The dynamic range of the elected government body is extremely low. As long as there are a significant proportion of people in office who deny the reality of climate change, it is unlikely that meaningful discussion of solutions will occur.
In response to a sister comment, realistically, to address climate change, we would need to:
- build roughly 300 GWh of grid storage worldwide, lithium iron phosphate seems a leading contender although sodium-[sulfur|nickel] has the obvious abundance advantage
- replace gas heating systems with heat pumps and district (waste) heating
- implement carbon capture at all steel/concrete production plants (or less likely use low-carbon processes)
- replace fueled vehicle use (most of which is personal cars) with electric
- build some amount of non-polluting power stations, I'm not sure what exactly but by now it's the easiest part
- I'm not sure exactly but maybe you can replace torch manufacturing with electric arcs and lasers or something?
- also some carbon capture unfortunately probably the crushed olivine thing I'd guess
Someone's probably made a projection for the cost of this but it's useless with any shift of this magnitude.
The best ones I've seen so far involve massive engineering projects in orbit to let us control the amount of sunlight hitting the earth.
Those are technologically feasible, theoretically workable, and at least somewhat reversible.
However, they don't really take human nature into account. Megasatellites for solar gain control would be an intensely scarce, valuable resource, and a de facto superweapon - "agree to our terms or you'll never have good crop growing sunlight again."
Nobody would be willing to cede or share control of such a system to someone else. Wars would break out quickly, and no deployed system would go undestroyed for long.

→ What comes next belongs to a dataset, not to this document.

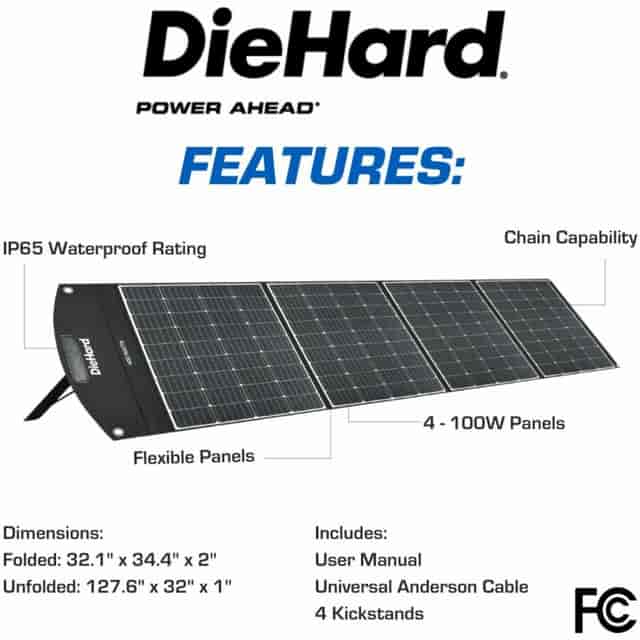 ESMDH2000701 Product Image 7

The other plans I've seen seem problematic to me either morally ("first world gets to keep its tech but you guys who are bootstrapping with carbon can go DIAF"), technologically ("We think there will turn out to be some way to capture carbon super-efficiently that we haven't found yet"), or reversibility ("whoops, we put too much dust in the atmosphere - guess we're starving three billion people for the next year or four, folks").
I'm not saying there is no possible solution - just that I haven't seen a realistic one myself.
That's what I was referring to when I referenced hurting third-world economies badly.
My understanding is that a lot of developing regions are using their carbon stores to improve quality of life and lifespan for their inhabitants - bad as coal may be for your lungs, it's not as bad as having no reliable energy for things like sewers.
Hence my comment saying "...if you're bootstrapping with carbon you can go DIAF."